- _Extracted entries_:
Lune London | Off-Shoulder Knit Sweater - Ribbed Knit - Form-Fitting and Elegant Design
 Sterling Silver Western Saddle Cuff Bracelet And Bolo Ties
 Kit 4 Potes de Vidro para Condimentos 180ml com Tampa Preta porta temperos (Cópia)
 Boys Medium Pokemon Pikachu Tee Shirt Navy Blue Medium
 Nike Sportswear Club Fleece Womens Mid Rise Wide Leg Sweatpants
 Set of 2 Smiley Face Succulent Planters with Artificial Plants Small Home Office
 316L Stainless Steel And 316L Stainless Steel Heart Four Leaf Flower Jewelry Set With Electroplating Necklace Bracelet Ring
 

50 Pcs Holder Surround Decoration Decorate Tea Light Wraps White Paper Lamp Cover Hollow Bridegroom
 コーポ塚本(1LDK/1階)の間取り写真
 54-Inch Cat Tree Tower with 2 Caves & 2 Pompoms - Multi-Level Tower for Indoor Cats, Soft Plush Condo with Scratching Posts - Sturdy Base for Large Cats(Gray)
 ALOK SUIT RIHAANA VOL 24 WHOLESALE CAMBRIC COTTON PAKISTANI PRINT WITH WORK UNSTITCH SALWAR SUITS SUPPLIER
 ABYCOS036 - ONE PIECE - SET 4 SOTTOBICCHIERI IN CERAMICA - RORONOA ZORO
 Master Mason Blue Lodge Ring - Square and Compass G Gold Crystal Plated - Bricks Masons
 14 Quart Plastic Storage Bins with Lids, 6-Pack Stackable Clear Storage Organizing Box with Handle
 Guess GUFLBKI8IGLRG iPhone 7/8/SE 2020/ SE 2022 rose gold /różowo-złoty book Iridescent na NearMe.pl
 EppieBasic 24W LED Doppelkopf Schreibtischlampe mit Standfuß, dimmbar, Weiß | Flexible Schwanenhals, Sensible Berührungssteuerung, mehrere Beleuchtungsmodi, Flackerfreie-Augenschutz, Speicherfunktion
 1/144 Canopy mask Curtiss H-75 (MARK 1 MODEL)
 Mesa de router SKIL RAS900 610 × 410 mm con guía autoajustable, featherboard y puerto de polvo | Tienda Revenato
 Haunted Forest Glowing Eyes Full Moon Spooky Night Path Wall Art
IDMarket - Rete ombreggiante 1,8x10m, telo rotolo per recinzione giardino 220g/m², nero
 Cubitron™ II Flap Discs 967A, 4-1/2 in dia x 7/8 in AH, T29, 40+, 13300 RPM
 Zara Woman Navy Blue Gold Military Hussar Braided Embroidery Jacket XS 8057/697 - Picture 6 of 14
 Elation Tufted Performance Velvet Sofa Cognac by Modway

- _Your task_:
Set all of the entries down again, exactly as they were given.

- _Response to the task_:
Lune London | Off-Shoulder Knit Sweater - Ribbed Knit - Form-Fitting and Elegant Design
 Sterling Silver Western Saddle Cuff Bracelet And Bolo Ties
 Kit 4 Potes de Vidro para Condimentos 180ml com Tampa Preta porta temperos (Cópia)
 Boys Medium Pokemon Pikachu Tee Shirt Navy Blue Medium
 Nike Sportswear Club Fleece Womens Mid Rise Wide Leg Sweatpants
 Set of 2 Smiley Face Succulent Planters with Artificial Plants Small Home Office
 316L Stainless Steel And 316L Stainless Steel Heart Four Leaf Flower Jewelry Set With Electroplating Necklace Bracelet Ring
 

50 Pcs Holder Surround Decoration Decorate Tea Light Wraps White Paper Lamp Cover Hollow Bridegroom
 コーポ塚本(1LDK/1階)の間取り写真
 54-Inch Cat Tree Tower with 2 Caves & 2 Pompoms - Multi-Level Tower for Indoor Cats, Soft Plush Condo with Scratching Posts - Sturdy Base for Large Cats(Gray)
 ALOK SUIT RIHAANA VOL 24 WHOLESALE CAMBRIC COTTON PAKISTANI PRINT WITH WORK UNSTITCH SALWAR SUITS SUPPLIER
 ABYCOS036 - ONE PIECE - SET 4 SOTTOBICCHIERI IN CERAMICA - RORONOA ZORO
 Master Mason Blue Lodge Ring - Square and Compass G Gold Crystal Plated - Bricks Masons
 14 Quart Plastic Storage Bins with Lids, 6-Pack Stackable Clear Storage Organizing Box with Handle
 Guess GUFLBKI8IGLRG iPhone 7/8/SE 2020/ SE 2022 rose gold /różowo-złoty book Iridescent na NearMe.pl
 EppieBasic 24W LED Doppelkopf Schreibtischlampe mit Standfuß, dimmbar, Weiß | Flexible Schwanenhals, Sensible Berührungssteuerung, mehrere Beleuchtungsmodi, Flackerfreie-Augenschutz, Speicherfunktion
 1/144 Canopy mask Curtiss H-75 (MARK 1 MODEL)
 Mesa de router SKIL RAS900 610 × 410 mm con guía autoajustable, featherboard y puerto de polvo | Tienda Revenato
 Haunted Forest Glowing Eyes Full Moon Spooky Night Path Wall Art
IDMarket - Rete ombreggiante 1,8x10m, telo rotolo per recinzione giardino 220g/m², nero
 Cubitron™ II Flap Discs 967A, 4-1/2 in dia x 7/8 in AH, T29, 40+, 13300 RPM
 Zara Woman Navy Blue Gold Military Hussar Braided Embroidery Jacket XS 8057/697 - Picture 6 of 14
 Elation Tufted Performance Velvet Sofa Cognac by Modway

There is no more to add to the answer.